Growth and yield of groundnut, millet, and sesame alley-cropped with Acacia senegal in North and South Kordofan, Sudan. (225)


  • Kamal E.M. Fadl Agricultural Research Corporation, El Obeid Research Station, P.O. Box 429, El Obeid, Sudan
  • Jens Gebauer Agricultural Research Corporation, Gezira Research Station, P.O. Box 126, Wad Medani, Sudan


Arachis hypogaea L., Intercropping, Pennisetum glaucum (L.) R. Br., Semi-arid, Sesamum indicum L., Soil conservation, Tree-crop interaction, Yield increase


This study examined the effects of alley cropping of Acacia senegal (L.) Willd. on growth and yield of groundnut (Arachis hypogaea L.), millet [Pennisetum glaucum (L.) R. Br.], and sesame (Sesamum indicum L.). The field experiments were conducted in North and South Kordofan, Sudan, in a 15-year-old A. senegal plantation. The results indicated that A. senegal trees had a beneficial effect on crop performance and yield at both experimental sites. Crop growth and yield were increased in the alley-cropping system.
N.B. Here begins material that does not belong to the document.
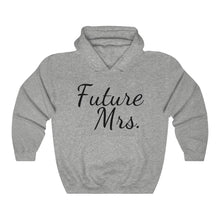 Load image into Gallery viewer, Future Mrs Bride Wedding Wife to be Engagement Unisex Heavy Blend Hooded Sweatshirt
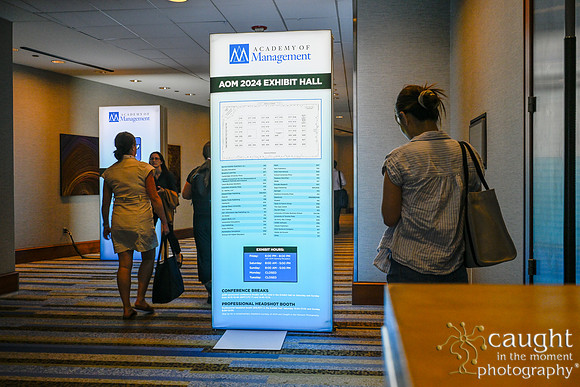 071 AOM 2024 Registration & Networking Hubs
The highest yield increase was observed with sesame (56%) in South Kordofan. It is hypothesized that the beneficial effect was mainly due to the more favourable soil nutrient and water status under canopies, compared to that in the open field. The findings of the present investigation indicated that alley cropping, as a form of agro-forestry, is a feasible farming practice in North and South Kordofan.